Give back the lines below verbatim, omitting all pictures.

• **DATASET EXTRACT**:
____
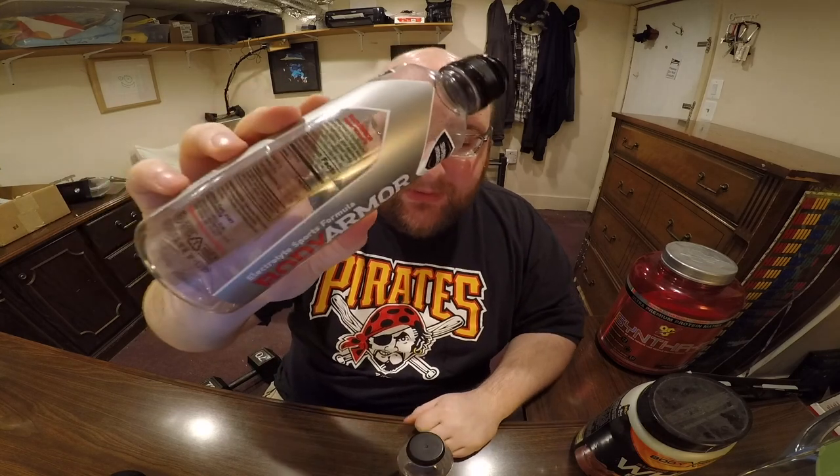I'm not giving the Protein 2.0 a thumbs down at all. I think if you're trying to build muscle, this could be a very good option for you. It doesn't taste bad at all — just a little chalky. If I was comparing this protein water to another protein water, I would say this one is better than that. But comparing these two, I would say the Body Armor is better.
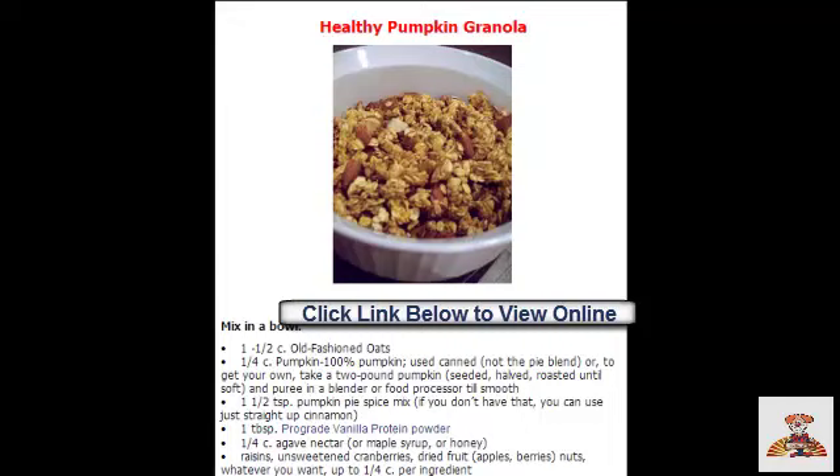The reason is because it's got old-fashioned oats — that's one of my favorites from my whole life. And it's got pumpkin and pumpkin pie spice mix, vanilla protein powder, agave nectar, unsweetened cranberries, dried fruit, raisins. Toss everything together in a bowl and spread it on a cookie sheet and bake.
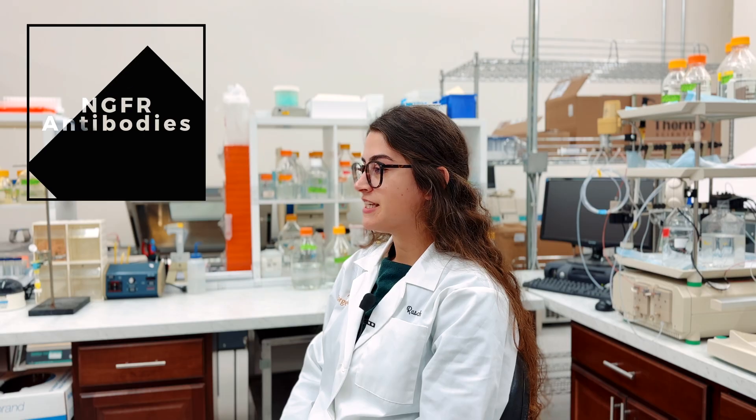Hi, I'm Rachelle Bouazram and I'm a Senior Research Associate and Product Manager for Advanced Targeting Systems. This video will give you an overview of how to use the ATS NGFR antibodies in vivo and in vitro.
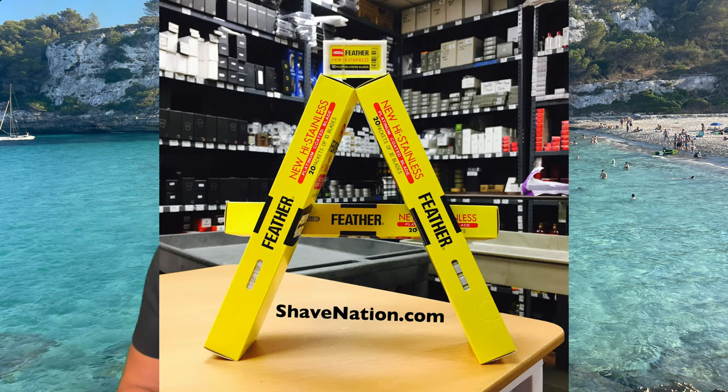Greetings friends, I'm Geofatboy for ShaveNation.com. I recently went to reorder the world-famous Prasana Medical Prep Blades, aka MedPrep Blades, which are made in the USA. They're super sharp and comfortable for shaving — they're used to prep patients before surgeries in hospitals, so it's a really good blade. It can be used for all-over body hair, so you can definitely shave your face. I've used it in some previous videos and it's a fantastic blade — I put it right up there with the Feather, and best of all, they're made in the USA.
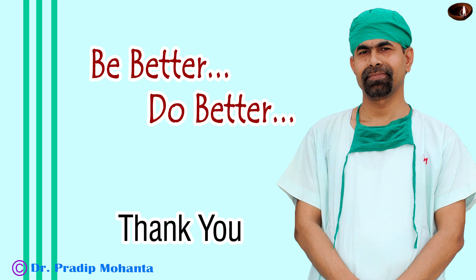Thank you very much for your attention. Hope this video will help you in developing your surgical skills. Be a great surgeon and serve your patients with love, respect, empathy, and great surgical competence.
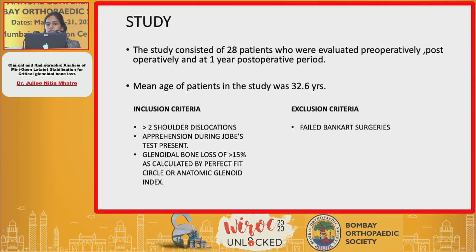Coming to my study, it consisted of 28 patients who were selected by various inclusion and exclusion criteria. Once they were selected, we did a functional scoring for all these patients and obtained X-rays and CT scans.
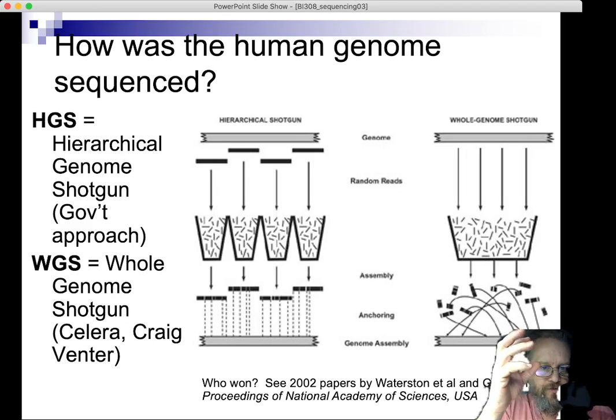We already knew where certain things went — where the insulin gene goes, for example. Given that the technology for reading DNA base pair by base pair was limited to hundreds or maybe a thousand base pairs at a time, the plan was to effectively blow up the genome, sequence those fragments, and put them back together. The idea was to generate a library where the fragments to be sequenced had a known general location in the genome. This is called the hierarchical genome approach.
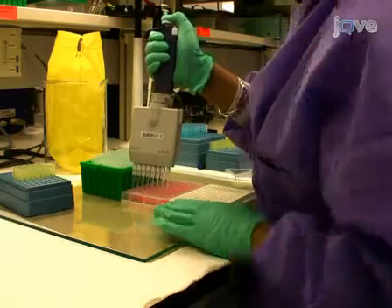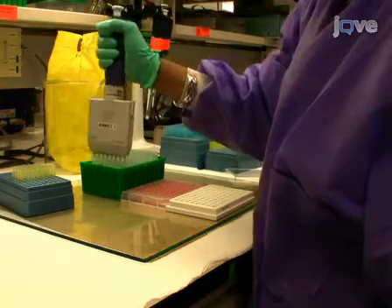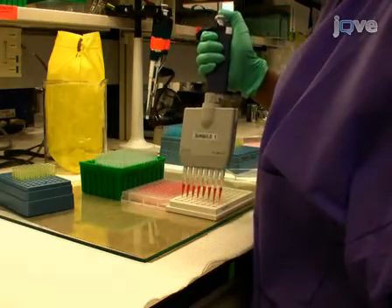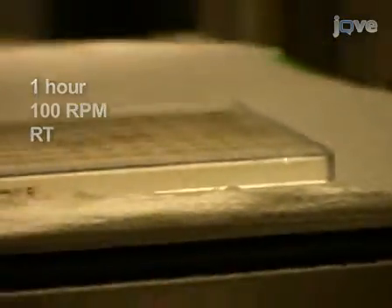After the 1-hour plate incubation, transfer the 100 µL of Ruc antigen-antibody reaction mixture to 96-well filter HTS plates containing the protein A/G beads using an 8-channel micropipette. Incubate the 96-well filter plate on a rotary shaker for 1 additional hour at 100 rpm at room temperature.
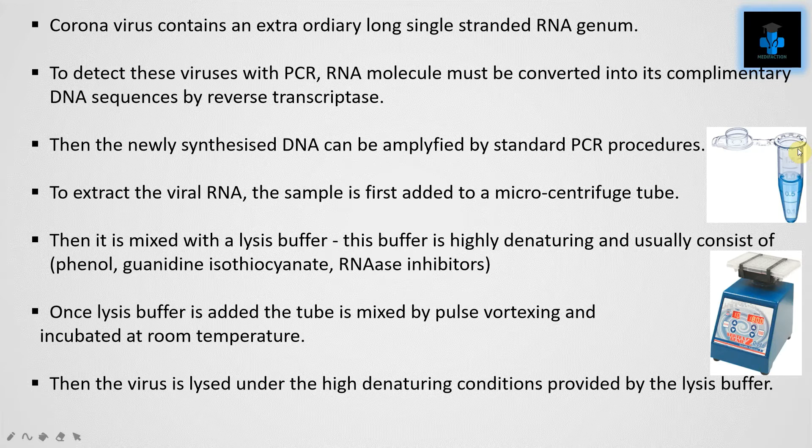Once lysis buffer is added, the tube is mixed by pulse vortexing and incubated at room temperature. The virus is then lysed under the high denaturing conditions provided by the lysis buffer.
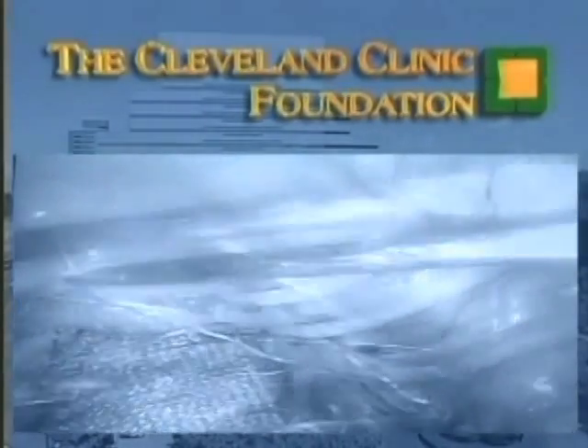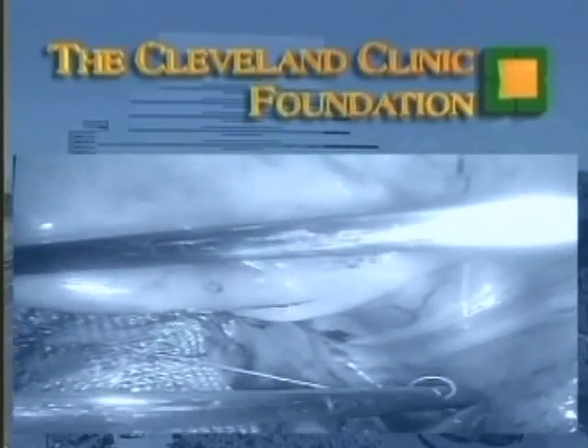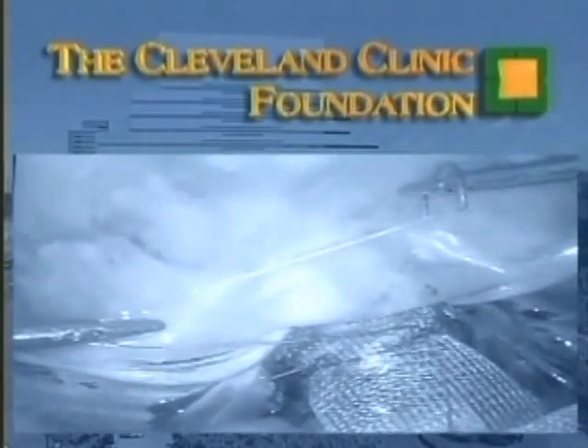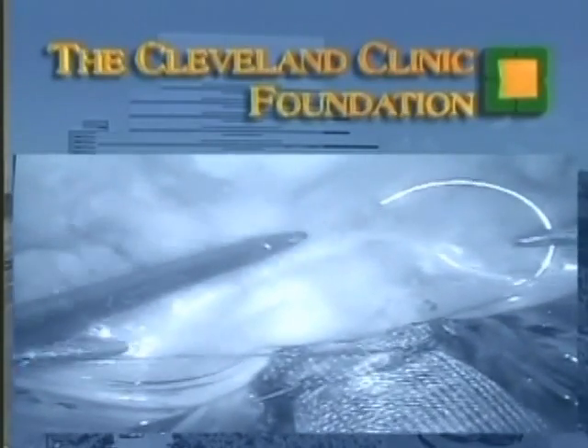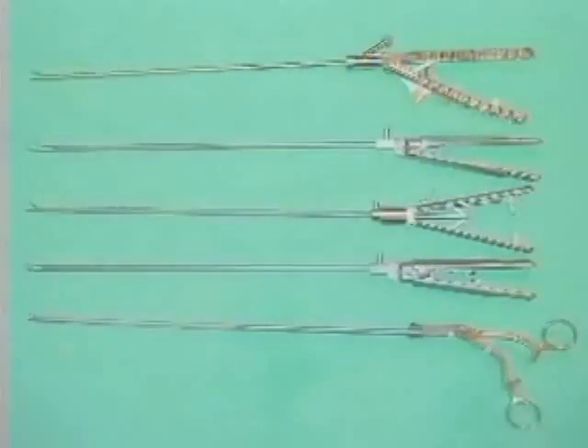We believe that once you master the techniques illustrated here, you'll be able to suture with confidence just as you would in open surgery. We cannot overemphasize the value of practice using a laparoscopic trainer prior to attempting these skills in patients.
____
• **RESULT BELOW**:
I'm not giving the Protein 2.0 a thumbs down at all. I think if you're trying to build muscle, this could be a very good option for you. It doesn't taste bad at all — just a little chalky. If I was comparing this protein water to another protein water, I would say this one is better than that. But comparing these two, I would say the Body Armor is better.
The reason is because it's got old-fashioned oats — that's one of my favorites from my whole life. And it's got pumpkin and pumpkin pie spice mix, vanilla protein powder, agave nectar, unsweetened cranberries, dried fruit, raisins. Toss everything together in a bowl and spread it on a cookie sheet and bake.
Hi, I'm Rachelle Bouazram and I'm a Senior Research Associate and Product Manager for Advanced Targeting Systems. This video will give you an overview of how to use the ATS NGFR antibodies in vivo and in vitro.
Greetings friends, I'm Geofatboy for ShaveNation.com. I recently went to reorder the world-famous Prasana Medical Prep Blades, aka MedPrep Blades, which are made in the USA. They're super sharp and comfortable for shaving — they're used to prep patients before surgeries in hospitals, so it's a really good blade. It can be used for all-over body hair, so you can definitely shave your face. I've used it in some previous videos and it's a fantastic blade — I put it right up there with the Feather, and best of all, they're made in the USA.
Thank you very much for your attention. Hope this video will help you in developing your surgical skills. Be a great surgeon and serve your patients with love, respect, empathy, and great surgical competence.
Coming to my study, it consisted of 28 patients who were selected by various inclusion and exclusion criteria. Once they were selected, we did a functional scoring for all these patients and obtained X-rays and CT scans.
We already knew where certain things went — where the insulin gene goes, for example. Given that the technology for reading DNA base pair by base pair was limited to hundreds or maybe a thousand base pairs at a time, the plan was to effectively blow up the genome, sequence those fragments, and put them back together. The idea was to generate a library where the fragments to be sequenced had a known general location in the genome. This is called the hierarchical genome approach.
After the 1-hour plate incubation, transfer the 100 µL of Ruc antigen-antibody reaction mixture to 96-well filter HTS plates containing the protein A/G beads using an 8-channel micropipette. Incubate the 96-well filter plate on a rotary shaker for 1 additional hour at 100 rpm at room temperature.
Once lysis buffer is added, the tube is mixed by pulse vortexing and incubated at room temperature. The virus is then lysed under the high denaturing conditions provided by the lysis buffer.
We believe that once you master the techniques illustrated here, you'll be able to suture with confidence just as you would in open surgery. We cannot overemphasize the value of practice using a laparoscopic trainer prior to attempting these skills in patients.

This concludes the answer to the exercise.